One of the latest chapters that intrigued me was "Covenantal Life with God from Eden to Holy City" by Ardel B. Caneday. The essay looks at historical construals of covenant stipulations. It states at the start that many "represent the Abrahamic covenant and the gospel as unconditional but the Mosaic covenant as conditional. This essay challenges this as too stark and simplistic" (101).

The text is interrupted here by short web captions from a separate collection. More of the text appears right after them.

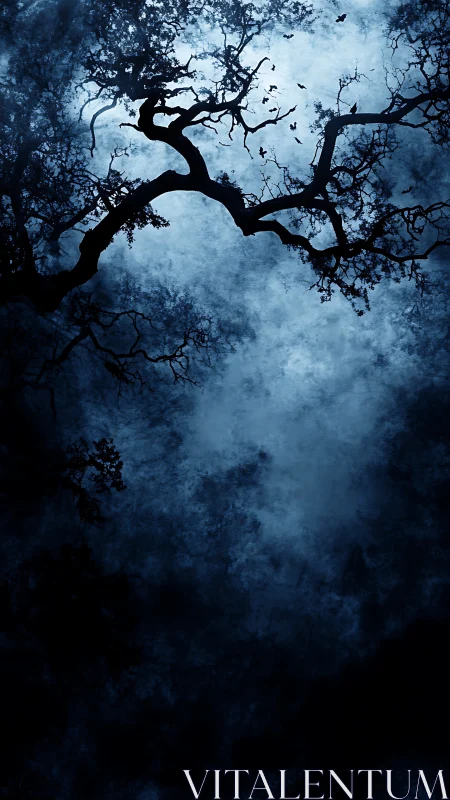 Silhouetted tree branches against cloudy blue night sky.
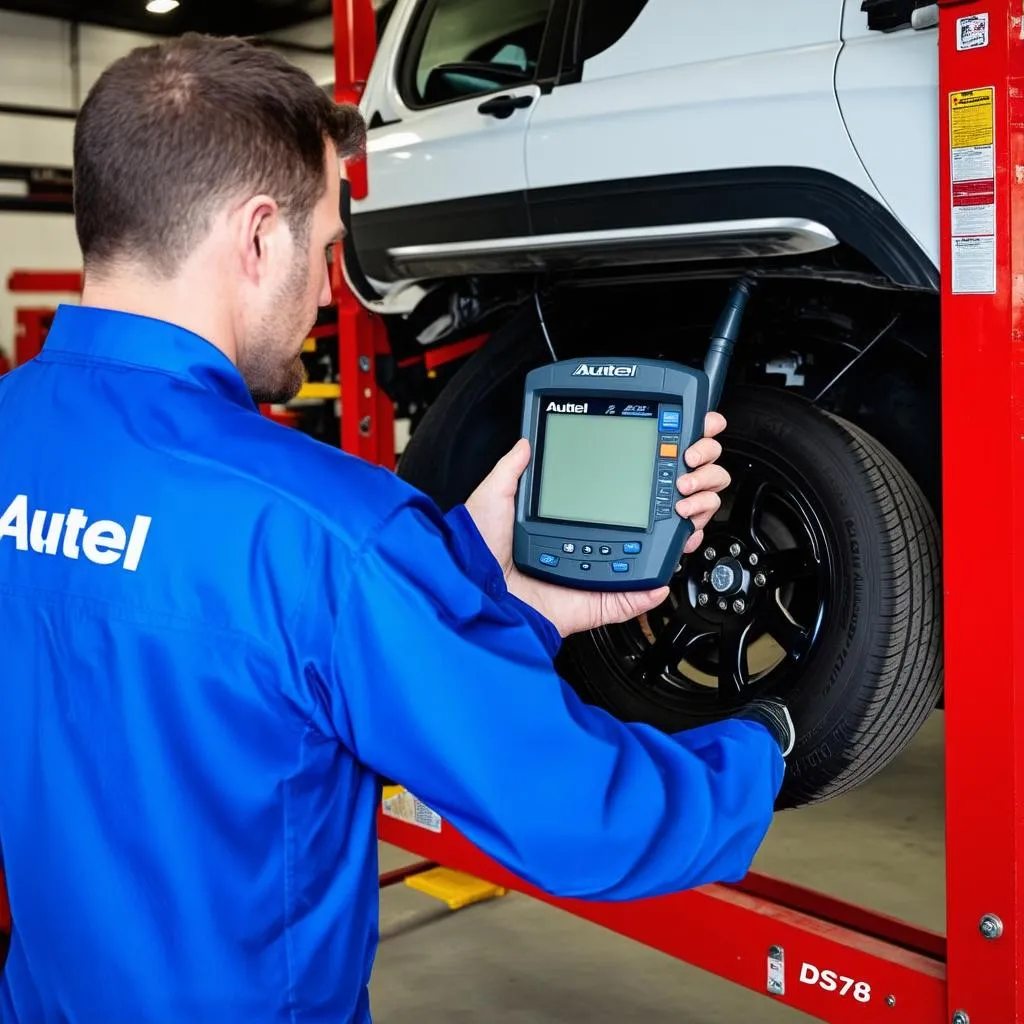 Mechanic using Autel MaxiDAS DS708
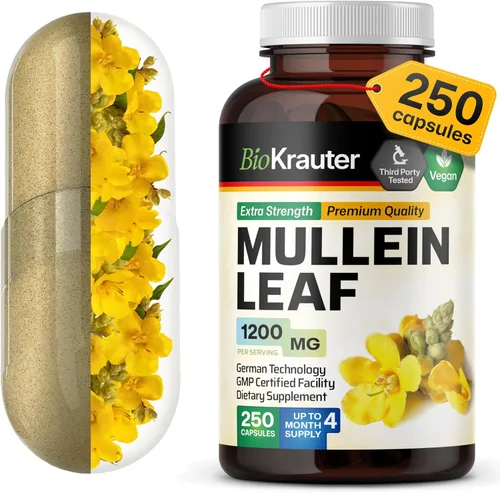 BIO KRAUTER Mullein Cápsulas de 1200 mg 250 cápsulas – Extracto puro de hoja de gordolobo vegano para pulmones – 125 días de suministro – Limpieza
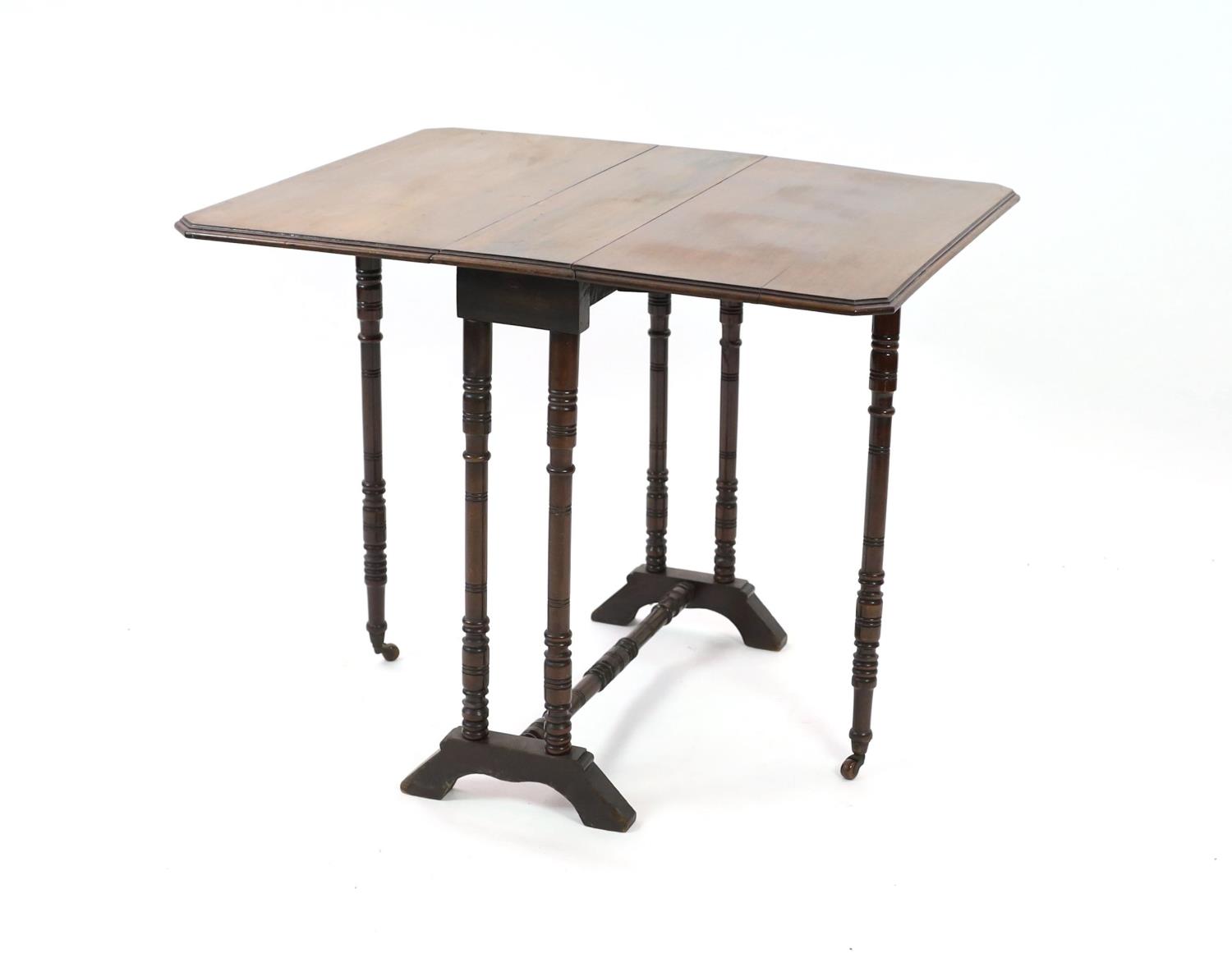 A late Victorian walnut Sutherland table, width 68cm depth 18cm height 69cm - Image 2 of 3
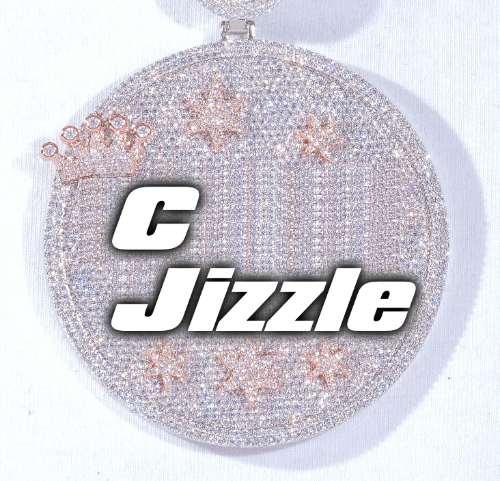 CUSTOM LETTER NECKLACE 3D BIG CROWN DISC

This essay is particularly interesting to me as a Presbyterian because it dips its toes into the "intra-Reformed debate" stating "the Mosaic covenant is not to be construed as entailing merit in any sense" (110). Whether Caneday is correct to toss aside the law-gospel distinction of Lutheranism (105) and Reformed Republication (106-107), he remains an interesting source of light on an old issue. He makes a strong case for covenant stipulations in the New Covenant through analysis of Hebrews (111-117) concluding that,
"The difference between the old and new covenants is not how the stipulations are grammatically structured or formed or that the former stipulates obedience and the new does not. Nor is the difference that the law covenant threatens divine curses and promises divine blessing with conditional stipulations but that the grace covenant in Christ issues no stipulations. Clearly the New Testament is filled with gospel threats and promises addressed to believers, which if heeded in viably lead to eternal life but if ignored will end in condemnation." (117)
So it would seem that Caneday is closer to John Calvin and historical Reformed thought than many today who have drifted further and further into the universal Lutheran law-gospel dichotomy. This essay is one of the most valuable in the book so far.